Archives for posts with tag: love

“Care of the Caregiver… YOU!” ~Shane B. Kulman

I remember the first time I heard this. How clear and “right” it sounded.  As the phrase unfolded in my head, I realized that I was a caregiver, and that working in a classroom 5 days a week, 8-3:30 and then coming home to eat a slice of pizza and collapse was not going to work for me anymore. That was NOT caring about the caregiver, and I was caregiving for 25 students and a wacky assistant that year.  No more…

I’ve graduated and will occasionally take a several week or month vacation during the school year, is this extreme caregiving for myself?  I think, no.  Some say extreme, I bet some say spoiled…  I now understand the importance of bookends. When I set out to work, I am aware that before and after I must include time where I do something for myself.  It may be a simple cup of tea, or a massage/spa visit.

I believe everyone is a caregiver in some aspect. Parents, Grandparents, Aunties and Uncles, babysitters, teachers, therapists, Nurses, Doctors, dog owners… you get the idea.

The parents I work with that have children with special needs, are constantly caregiving.
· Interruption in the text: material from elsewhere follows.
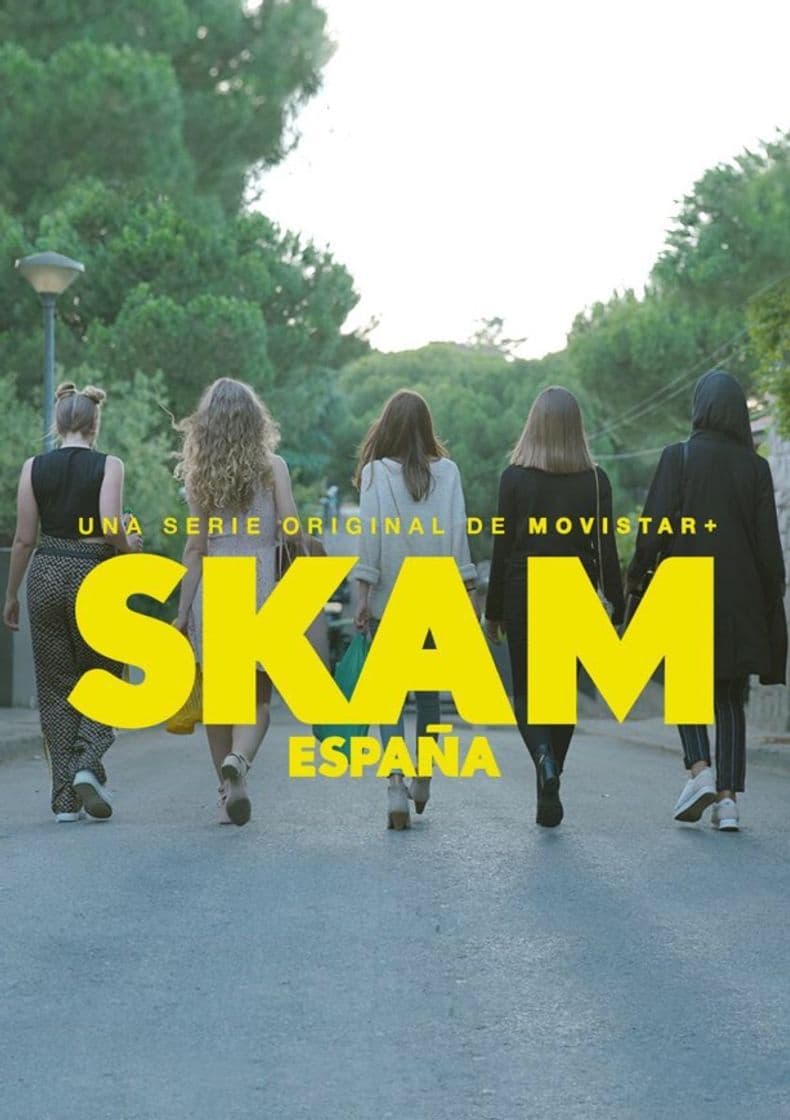 Serie SKAM Spain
There have been very few who make the time to withdraw from caring about others and take care of their Self.  So many parents pick food from their children’s plates, or eat standing up, don’t get dressed or spend every last penny on their child. After a while the caregiving well, goes dry. Parents often feel drained, wasted of energy and limited in   options. When I suggest a yoga class, a writing class, or to join in to any group activity that does not revolve around parenting, they look at me like I’m a dreamer, like I’m out of touch with reality, and then I see the guilt forming, “WHAT!?!? spend time on myself?!!?!? When my child is so far behind?”  I even suggested to a Mom to go out to dinner with Dad with a dress on, and I would stay with the children, she laughed at me and said we talk and eat when the kids go to school. Hmmmm, is this the same as wearing a dress at a restaurant?  I think not.

Children learn from watching, this has been researched and proven.  If all the young girls are watching their Mothers caregive and serve constantly, how will they learn to be independent and self expansive?  Special needs children, including non-verbal children see and feel what is going on around them. I see the neediest children become ultra demanding when they are in need of something. What happens after their demand, that may result in a temper tantrum/meltdown?  A Parent is running to serve them. What is the valuable lesson here? Yup, the bigger the meltdown and demand, the faster a parent runs.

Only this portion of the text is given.